Le 28 août, c'est l'épilogue: le Général allemand Schaeffer, commandant le secteur fortifié de Marseille, fait hisser le drapeau blanc sur le fort Saint-Nicolas et se rend avec le reste de ses troupes. Ainsi, dans le même temps, Toulon, objectif essentiel des opérations des Armées alliées dans le Sud de la France, aura été conquise en 6 jours, et Marseille, dont les plans initiaux n'envisageaient l'attaque que deux mois après le débarquement, sera tombée en 8 jours : la bataille de Provence est gagnée avec plus de 60 jours d'avance sur le calendrier prévu.
On ne peut évoquer le débarquement en Provence sans parler de la contribution des résistants FFI et FTP qui ont apporté un soutien non négligeable en particulier dans les parachutages et dans la libération des villes de Toulon et de Marseille.
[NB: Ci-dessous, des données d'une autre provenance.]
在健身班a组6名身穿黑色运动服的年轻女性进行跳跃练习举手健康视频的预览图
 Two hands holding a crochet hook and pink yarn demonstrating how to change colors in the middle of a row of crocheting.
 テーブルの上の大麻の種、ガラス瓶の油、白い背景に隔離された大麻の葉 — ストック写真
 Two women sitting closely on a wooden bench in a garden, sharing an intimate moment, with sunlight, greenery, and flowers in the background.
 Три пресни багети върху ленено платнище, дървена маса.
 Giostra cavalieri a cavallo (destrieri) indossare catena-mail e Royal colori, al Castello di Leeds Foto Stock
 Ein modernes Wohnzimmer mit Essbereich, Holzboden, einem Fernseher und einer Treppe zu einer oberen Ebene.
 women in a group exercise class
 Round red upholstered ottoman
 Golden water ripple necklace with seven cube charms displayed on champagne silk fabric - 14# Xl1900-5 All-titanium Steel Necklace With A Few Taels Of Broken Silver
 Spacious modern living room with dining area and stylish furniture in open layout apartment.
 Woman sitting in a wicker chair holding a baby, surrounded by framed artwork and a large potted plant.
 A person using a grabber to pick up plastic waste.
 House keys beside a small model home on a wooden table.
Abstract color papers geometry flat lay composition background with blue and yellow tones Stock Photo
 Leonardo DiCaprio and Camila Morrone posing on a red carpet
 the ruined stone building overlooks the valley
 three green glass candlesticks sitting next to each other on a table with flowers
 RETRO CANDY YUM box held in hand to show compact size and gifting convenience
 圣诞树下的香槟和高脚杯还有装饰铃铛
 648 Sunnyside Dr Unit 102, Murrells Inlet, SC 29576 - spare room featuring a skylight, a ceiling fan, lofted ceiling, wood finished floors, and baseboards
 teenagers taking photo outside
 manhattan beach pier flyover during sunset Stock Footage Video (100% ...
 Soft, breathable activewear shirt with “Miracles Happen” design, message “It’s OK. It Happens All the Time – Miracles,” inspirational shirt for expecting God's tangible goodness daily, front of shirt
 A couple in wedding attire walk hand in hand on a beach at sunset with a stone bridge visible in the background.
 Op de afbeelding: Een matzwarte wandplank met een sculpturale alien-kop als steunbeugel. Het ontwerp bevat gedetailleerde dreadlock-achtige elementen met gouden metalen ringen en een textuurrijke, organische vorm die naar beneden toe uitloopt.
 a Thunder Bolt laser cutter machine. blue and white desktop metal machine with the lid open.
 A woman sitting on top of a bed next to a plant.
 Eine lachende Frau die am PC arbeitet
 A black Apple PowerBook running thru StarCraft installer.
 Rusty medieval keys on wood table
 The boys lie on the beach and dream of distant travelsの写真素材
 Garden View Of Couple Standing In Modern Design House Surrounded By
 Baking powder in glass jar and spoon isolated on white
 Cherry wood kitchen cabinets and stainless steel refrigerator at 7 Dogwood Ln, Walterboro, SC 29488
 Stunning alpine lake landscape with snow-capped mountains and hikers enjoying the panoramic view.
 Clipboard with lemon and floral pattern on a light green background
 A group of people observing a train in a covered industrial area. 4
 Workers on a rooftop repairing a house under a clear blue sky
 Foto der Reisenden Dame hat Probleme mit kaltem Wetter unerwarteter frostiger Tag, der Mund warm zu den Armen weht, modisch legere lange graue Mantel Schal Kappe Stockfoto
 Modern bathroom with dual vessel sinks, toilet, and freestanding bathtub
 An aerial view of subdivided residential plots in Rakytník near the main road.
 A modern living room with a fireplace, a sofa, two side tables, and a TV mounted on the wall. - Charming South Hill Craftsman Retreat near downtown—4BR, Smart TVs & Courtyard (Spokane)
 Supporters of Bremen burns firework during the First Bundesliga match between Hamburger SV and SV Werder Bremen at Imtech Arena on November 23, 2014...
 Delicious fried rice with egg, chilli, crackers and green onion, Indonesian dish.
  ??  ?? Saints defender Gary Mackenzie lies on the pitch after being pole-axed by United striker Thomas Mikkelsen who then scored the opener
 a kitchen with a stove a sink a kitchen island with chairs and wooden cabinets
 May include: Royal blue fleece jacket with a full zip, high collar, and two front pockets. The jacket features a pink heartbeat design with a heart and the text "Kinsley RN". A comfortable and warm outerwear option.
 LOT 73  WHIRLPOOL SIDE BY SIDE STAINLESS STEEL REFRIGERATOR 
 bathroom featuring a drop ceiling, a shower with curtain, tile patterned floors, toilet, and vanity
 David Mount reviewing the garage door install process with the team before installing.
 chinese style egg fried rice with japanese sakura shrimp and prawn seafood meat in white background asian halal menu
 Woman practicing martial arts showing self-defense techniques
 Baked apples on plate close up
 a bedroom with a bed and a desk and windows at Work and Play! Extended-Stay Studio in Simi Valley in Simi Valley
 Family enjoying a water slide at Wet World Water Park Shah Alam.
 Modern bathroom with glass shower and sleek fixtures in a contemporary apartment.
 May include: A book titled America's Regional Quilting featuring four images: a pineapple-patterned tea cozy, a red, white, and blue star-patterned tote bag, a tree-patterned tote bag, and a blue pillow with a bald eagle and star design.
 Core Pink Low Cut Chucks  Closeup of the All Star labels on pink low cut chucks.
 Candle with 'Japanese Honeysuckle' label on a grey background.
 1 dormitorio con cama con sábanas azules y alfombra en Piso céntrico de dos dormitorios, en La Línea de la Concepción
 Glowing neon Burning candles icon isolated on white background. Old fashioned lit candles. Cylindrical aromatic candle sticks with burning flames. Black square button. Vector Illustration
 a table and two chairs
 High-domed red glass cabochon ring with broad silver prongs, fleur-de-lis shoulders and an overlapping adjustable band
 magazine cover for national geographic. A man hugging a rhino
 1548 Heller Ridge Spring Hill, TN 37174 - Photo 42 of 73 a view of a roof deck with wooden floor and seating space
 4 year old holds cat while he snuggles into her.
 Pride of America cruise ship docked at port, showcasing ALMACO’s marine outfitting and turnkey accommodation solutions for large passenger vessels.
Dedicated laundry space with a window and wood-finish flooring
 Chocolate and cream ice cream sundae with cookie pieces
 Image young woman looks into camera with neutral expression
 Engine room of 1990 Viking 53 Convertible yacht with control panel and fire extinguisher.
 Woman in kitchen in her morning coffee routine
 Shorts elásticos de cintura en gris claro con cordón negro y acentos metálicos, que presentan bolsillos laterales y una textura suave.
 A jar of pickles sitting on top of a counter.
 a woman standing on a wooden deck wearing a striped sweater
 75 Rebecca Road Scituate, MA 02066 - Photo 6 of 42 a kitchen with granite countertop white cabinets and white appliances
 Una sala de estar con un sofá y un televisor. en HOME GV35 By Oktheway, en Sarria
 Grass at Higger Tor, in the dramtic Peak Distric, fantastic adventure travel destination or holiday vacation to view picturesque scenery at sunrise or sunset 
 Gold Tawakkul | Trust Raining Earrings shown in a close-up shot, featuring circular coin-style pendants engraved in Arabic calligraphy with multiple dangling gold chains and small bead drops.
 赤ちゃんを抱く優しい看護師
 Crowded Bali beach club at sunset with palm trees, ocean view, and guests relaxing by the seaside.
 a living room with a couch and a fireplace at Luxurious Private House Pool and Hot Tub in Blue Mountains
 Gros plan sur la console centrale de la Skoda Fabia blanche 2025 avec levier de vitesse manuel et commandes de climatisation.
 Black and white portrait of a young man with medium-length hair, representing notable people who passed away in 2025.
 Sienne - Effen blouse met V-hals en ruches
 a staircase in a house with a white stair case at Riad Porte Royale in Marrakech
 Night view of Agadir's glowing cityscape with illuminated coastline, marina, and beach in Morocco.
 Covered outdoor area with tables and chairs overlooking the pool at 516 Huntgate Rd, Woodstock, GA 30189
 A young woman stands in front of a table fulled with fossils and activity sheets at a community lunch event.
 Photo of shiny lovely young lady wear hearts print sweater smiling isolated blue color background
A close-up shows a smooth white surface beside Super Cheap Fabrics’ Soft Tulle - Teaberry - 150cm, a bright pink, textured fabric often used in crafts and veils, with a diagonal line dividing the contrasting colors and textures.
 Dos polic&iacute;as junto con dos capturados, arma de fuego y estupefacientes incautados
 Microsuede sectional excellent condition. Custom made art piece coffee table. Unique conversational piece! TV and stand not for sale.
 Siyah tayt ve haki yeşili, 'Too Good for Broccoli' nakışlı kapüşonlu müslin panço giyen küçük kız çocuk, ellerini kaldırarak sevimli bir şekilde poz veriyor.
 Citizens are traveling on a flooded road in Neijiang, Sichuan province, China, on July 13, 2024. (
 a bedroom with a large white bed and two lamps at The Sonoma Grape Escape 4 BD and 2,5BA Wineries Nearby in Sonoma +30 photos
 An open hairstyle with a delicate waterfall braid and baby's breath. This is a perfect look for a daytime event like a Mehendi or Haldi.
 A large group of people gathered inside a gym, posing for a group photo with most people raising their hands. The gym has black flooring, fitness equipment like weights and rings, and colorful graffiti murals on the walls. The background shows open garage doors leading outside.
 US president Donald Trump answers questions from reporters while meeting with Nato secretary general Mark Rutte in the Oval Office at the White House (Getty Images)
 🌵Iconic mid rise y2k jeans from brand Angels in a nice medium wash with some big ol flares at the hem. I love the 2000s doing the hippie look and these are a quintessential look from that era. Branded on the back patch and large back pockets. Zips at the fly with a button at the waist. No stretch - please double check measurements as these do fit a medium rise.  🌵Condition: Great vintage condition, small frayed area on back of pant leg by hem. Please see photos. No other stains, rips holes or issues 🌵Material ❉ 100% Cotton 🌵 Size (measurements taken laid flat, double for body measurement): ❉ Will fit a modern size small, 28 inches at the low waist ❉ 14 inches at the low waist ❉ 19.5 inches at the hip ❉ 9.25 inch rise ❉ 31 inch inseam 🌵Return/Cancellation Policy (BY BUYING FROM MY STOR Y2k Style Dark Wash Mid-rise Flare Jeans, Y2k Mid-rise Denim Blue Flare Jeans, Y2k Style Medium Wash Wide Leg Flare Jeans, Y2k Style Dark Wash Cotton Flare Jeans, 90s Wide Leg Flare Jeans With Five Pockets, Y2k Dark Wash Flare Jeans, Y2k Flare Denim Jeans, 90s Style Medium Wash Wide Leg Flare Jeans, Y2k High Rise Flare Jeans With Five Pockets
Ils ont aussi guidé différentes unités dans leur progression dans l'arrière-pays varois.
*A ce sujet une petite parenthèse. Rappelons pour la petite histoire mais aussi par devoir de mémoire que 7 Reyniésiens issus du maquis de Cabertat et, après la libération de Montauban, ont rejoint, du côté d'Orange, cette armée B où ils ont été incorporés au 3° Hussard. Il s'agit des 4 Jeannot Jeannot Bonnet, Jeannot Garcia, Jeannot Méric, Jeannot Soussirac, et d’Henri Verdu, Pierre Issard et Georges Juhaz. Ce dernier faisait partie des réfugiés accueillis à Reynies en 1940. Engagés pour la durée de la guerre ils sont revenus à Reyniès à l’issue. Georges Juhaz est resté dans l'armée.Henri Verdu suite au froid intense qui régnait dans les Vosges a eu une pleurésie. Hospitalisé à l'hôpital de Remiremont il y décéde le 24-12-44 des suites de la maladie contractée sur le front. Son nom figure sur le monument aux morts de Reyniès. (Refermons la parenthèse)
Cette diapositive résume parfaitement l'opération Anvil Dragoon. Elle retrace l'assaut naval et l'assaut aérien, les batailles de Toulon et Marseille et simultanément la poursuite des opérations en direction de la vallée du Rhône.
En faisant le bilan de ce débarquement, on notera que le 25 septembre, date de fermeture de la dernière plage, on dénombrait 324 069 hommes, 68 419 véhicules et 490 237 tonnes de ravitaillement débarqués. Cette opération «Anvil Dragoon» démontre ainsi le succès et la nécessité de de ce débarquement en Provence en ouvrant de fait un deuxième front pour libérer notre pays et que vive la France.